*** DATA FOR ANALYSIS ***

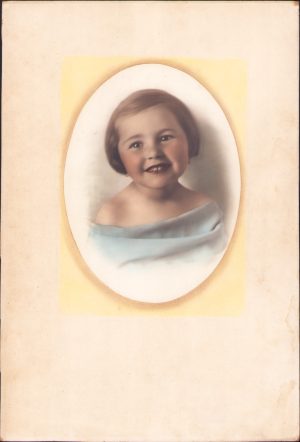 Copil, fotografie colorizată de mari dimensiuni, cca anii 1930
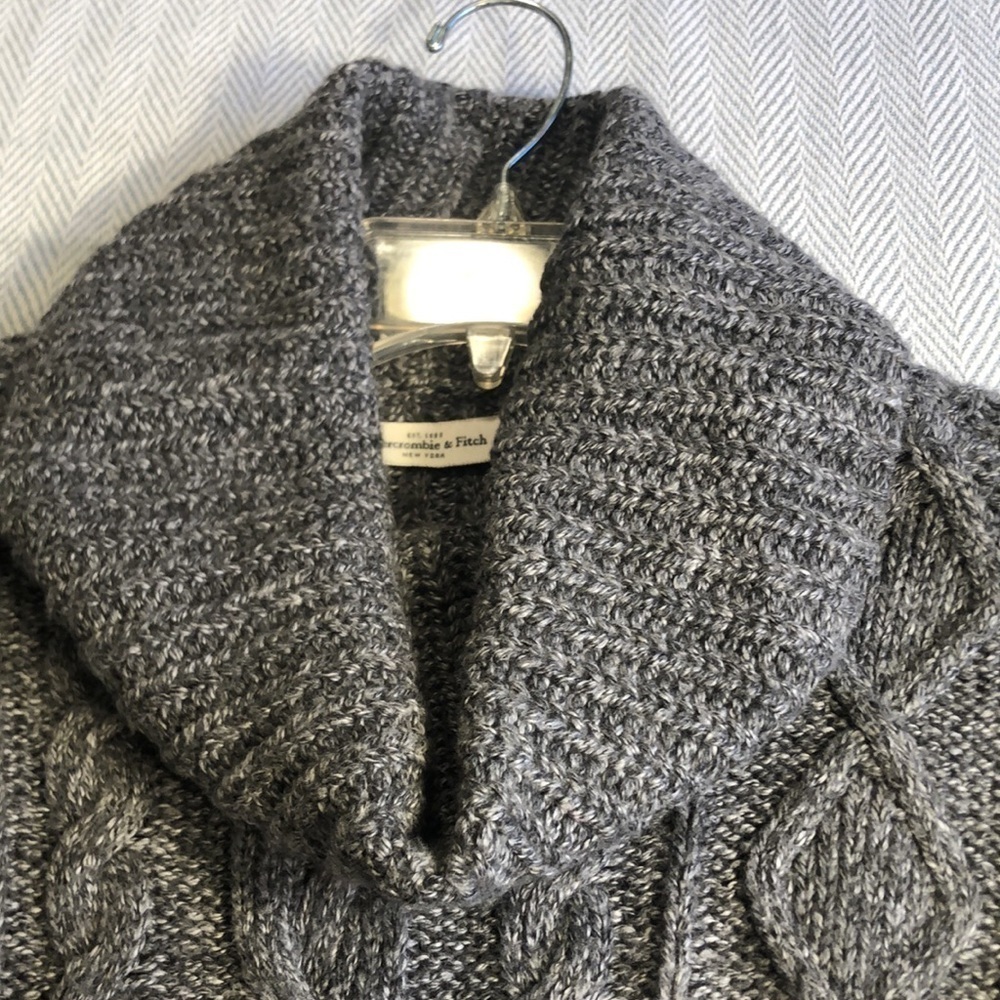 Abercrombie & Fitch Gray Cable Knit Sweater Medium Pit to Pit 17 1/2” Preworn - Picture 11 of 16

*** End of DATA FOR ANALYSIS ***
*** DATA FOR ANALYSIS ***

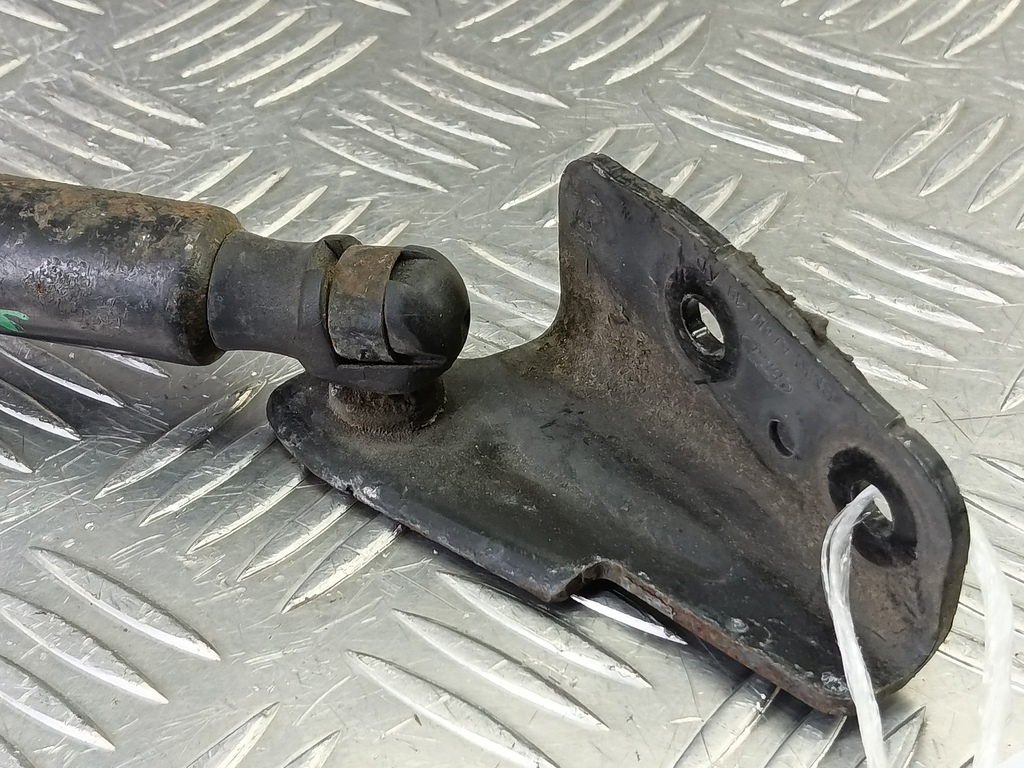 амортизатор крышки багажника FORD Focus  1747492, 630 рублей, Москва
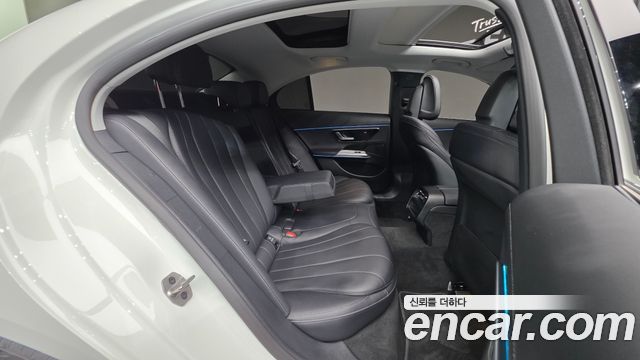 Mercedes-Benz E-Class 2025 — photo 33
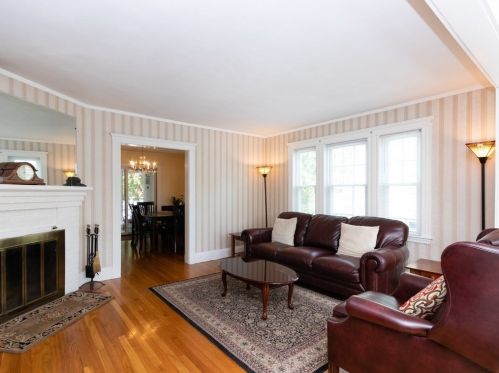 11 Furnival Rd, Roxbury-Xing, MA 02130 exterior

*** End of DATA FOR ANALYSIS ***

TASK PROMPT >> In the entries above, every line from the line with "Copil, fotografie colorizată" to the line with "Abercrombie & Fitch" is to be printed exactly, with both ends included and pictures excluded.

SOLUTION FOR THIS PROBLEM >>
 Copil, fotografie colorizată de mari dimensiuni, cca anii 1930
 Abercrombie & Fitch Gray Cable Knit Sweater Medium Pit to Pit 17 1/2” Preworn - Picture 11 of 16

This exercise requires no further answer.